[ACTION ITEM]: The output should be the line containing "this 408×612 image." and every later line of the records, exactly as written, and nothing else.

*** Opening of THE RECORDS ***

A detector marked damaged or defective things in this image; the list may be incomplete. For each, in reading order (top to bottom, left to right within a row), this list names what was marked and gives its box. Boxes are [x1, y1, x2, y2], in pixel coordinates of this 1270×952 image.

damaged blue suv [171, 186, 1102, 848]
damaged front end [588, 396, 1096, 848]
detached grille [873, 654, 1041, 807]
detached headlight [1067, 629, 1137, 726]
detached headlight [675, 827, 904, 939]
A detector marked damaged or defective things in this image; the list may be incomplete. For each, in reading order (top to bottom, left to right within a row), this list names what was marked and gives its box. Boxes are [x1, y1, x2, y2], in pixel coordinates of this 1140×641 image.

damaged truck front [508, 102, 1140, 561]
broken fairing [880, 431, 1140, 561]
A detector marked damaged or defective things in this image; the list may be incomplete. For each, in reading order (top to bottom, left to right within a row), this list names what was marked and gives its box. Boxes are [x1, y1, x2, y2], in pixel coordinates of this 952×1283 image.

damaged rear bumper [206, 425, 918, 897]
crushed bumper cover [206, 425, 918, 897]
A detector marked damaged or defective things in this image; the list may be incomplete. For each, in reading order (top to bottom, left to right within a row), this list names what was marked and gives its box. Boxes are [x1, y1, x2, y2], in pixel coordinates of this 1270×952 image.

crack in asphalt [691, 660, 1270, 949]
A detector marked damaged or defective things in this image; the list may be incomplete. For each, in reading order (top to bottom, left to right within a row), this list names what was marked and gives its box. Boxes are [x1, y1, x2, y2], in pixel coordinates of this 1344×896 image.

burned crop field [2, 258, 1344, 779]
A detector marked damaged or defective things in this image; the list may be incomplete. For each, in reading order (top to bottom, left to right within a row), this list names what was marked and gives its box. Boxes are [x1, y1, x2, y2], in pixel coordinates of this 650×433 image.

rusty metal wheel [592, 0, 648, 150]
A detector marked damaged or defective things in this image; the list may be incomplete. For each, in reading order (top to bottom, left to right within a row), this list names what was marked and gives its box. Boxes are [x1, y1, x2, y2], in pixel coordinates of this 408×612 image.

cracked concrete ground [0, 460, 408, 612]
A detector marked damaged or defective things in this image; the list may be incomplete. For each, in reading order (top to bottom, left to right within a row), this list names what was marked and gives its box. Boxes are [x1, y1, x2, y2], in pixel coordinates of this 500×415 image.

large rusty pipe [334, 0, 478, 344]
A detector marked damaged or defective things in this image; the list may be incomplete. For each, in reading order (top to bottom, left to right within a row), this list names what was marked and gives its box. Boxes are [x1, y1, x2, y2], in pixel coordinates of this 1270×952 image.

*** Close of THE RECORDS ***

[WRITTEN REPLY]:
A detector marked damaged or defective things in this image; the list may be incomplete. For each, in reading order (top to bottom, left to right within a row), this list names what was marked and gives its box. Boxes are [x1, y1, x2, y2], in pixel coordinates of this 408×612 image.

cracked concrete ground [0, 460, 408, 612]
A detector marked damaged or defective things in this image; the list may be incomplete. For each, in reading order (top to bottom, left to right within a row), this list names what was marked and gives its box. Boxes are [x1, y1, x2, y2], in pixel coordinates of this 500×415 image.

large rusty pipe [334, 0, 478, 344]
A detector marked damaged or defective things in this image; the list may be incomplete. For each, in reading order (top to bottom, left to right within a row), this list names what was marked and gives its box. Boxes are [x1, y1, x2, y2], in pixel coordinates of this 1270×952 image.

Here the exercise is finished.